▶ _Material for this exercise_
┄┄┄┄┄┄┄┄┄┄┄┄┄┄┄┄┄┄┄┄
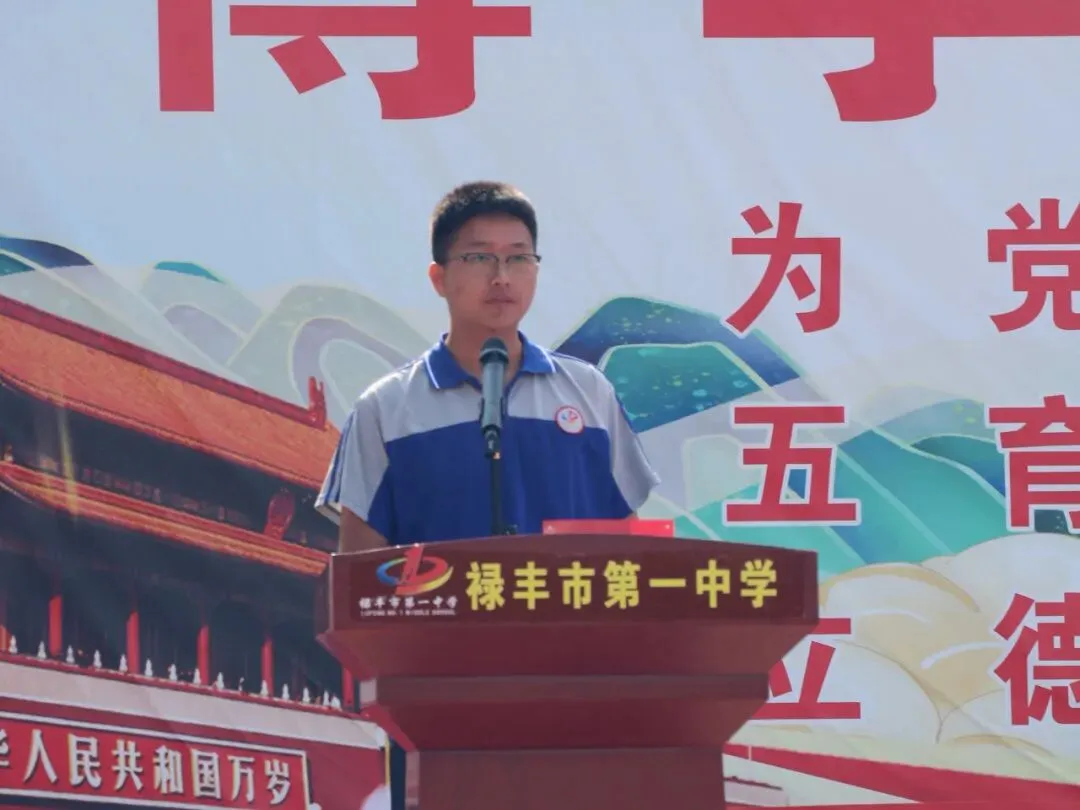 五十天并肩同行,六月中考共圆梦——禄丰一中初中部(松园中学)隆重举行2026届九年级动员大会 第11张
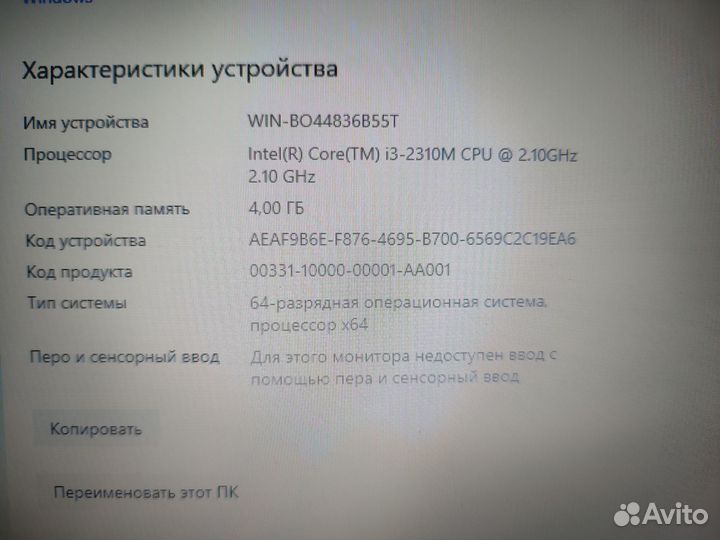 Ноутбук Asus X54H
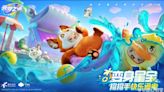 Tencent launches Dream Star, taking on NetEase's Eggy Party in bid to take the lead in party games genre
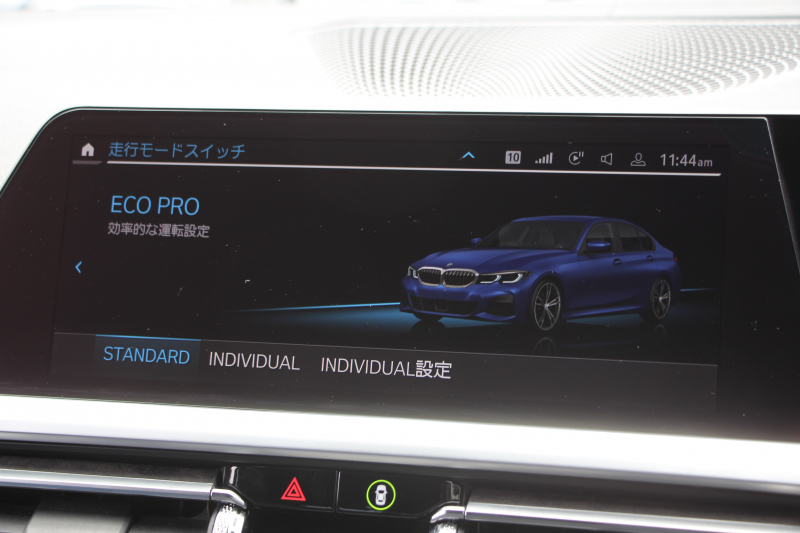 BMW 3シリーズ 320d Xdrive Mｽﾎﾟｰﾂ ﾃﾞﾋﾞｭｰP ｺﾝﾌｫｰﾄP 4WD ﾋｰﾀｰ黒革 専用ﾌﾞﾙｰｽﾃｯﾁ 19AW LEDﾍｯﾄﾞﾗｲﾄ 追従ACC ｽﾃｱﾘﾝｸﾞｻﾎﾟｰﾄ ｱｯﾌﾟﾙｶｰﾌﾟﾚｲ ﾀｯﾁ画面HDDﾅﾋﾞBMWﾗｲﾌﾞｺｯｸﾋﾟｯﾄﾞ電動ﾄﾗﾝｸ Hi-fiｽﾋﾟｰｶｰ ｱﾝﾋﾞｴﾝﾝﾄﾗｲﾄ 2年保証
┄┄┄┄┄┄┄┄┄┄┄┄┄┄┄┄┄┄┄┄
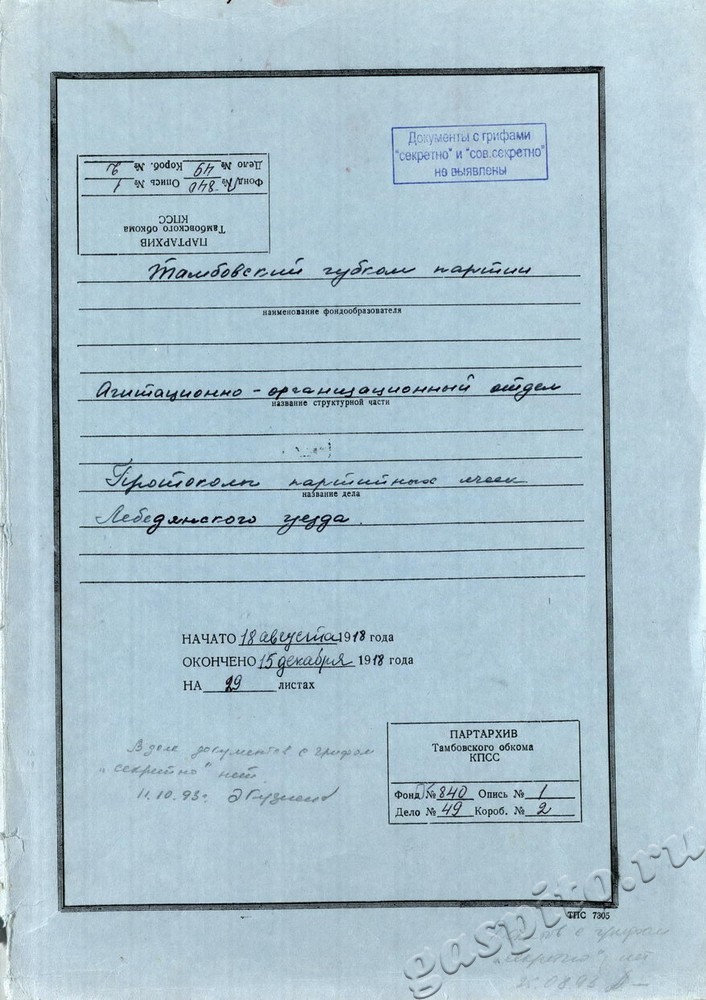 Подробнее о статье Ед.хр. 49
┄┄┄┄┄┄┄┄┄┄┄┄┄┄┄┄┄┄┄┄
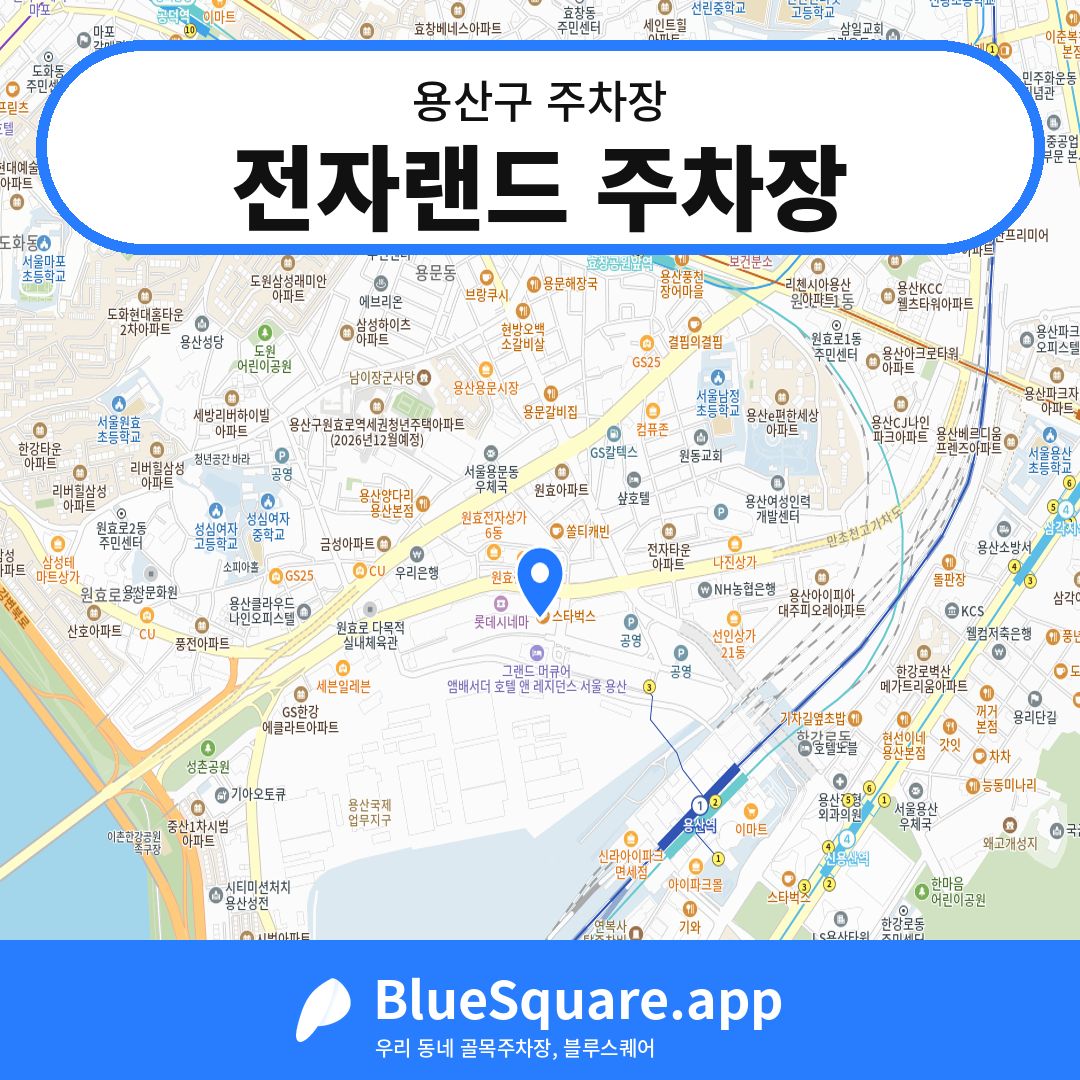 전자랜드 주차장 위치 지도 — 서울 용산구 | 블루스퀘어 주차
┄┄┄┄┄┄┄┄┄┄┄┄┄┄┄┄┄┄┄┄
▶ _Exercise objective_
Exercise for the records above: copy only the lines from the one with "五十天并肩同行,六月中考共圆" to the one with "BMW 3シリーズ 320d", both ends kept, and drop the pictures.

▶ _Exercise solution_
 五十天并肩同行,六月中考共圆梦——禄丰一中初中部(松园中学)隆重举行2026届九年级动员大会 第11张
 Ноутбук Asus X54H
 Tencent launches Dream Star, taking on NetEase's Eggy Party in bid to take the lead in party games genre
 BMW 3シリーズ 320d Xdrive Mｽﾎﾟｰﾂ ﾃﾞﾋﾞｭｰP ｺﾝﾌｫｰﾄP 4WD ﾋｰﾀｰ黒革 専用ﾌﾞﾙｰｽﾃｯﾁ 19AW LEDﾍｯﾄﾞﾗｲﾄ 追従ACC ｽﾃｱﾘﾝｸﾞｻﾎﾟｰﾄ ｱｯﾌﾟﾙｶｰﾌﾟﾚｲ ﾀｯﾁ画面HDDﾅﾋﾞBMWﾗｲﾌﾞｺｯｸﾋﾟｯﾄﾞ電動ﾄﾗﾝｸ Hi-fiｽﾋﾟｰｶｰ ｱﾝﾋﾞｴﾝﾝﾄﾗｲﾄ 2年保証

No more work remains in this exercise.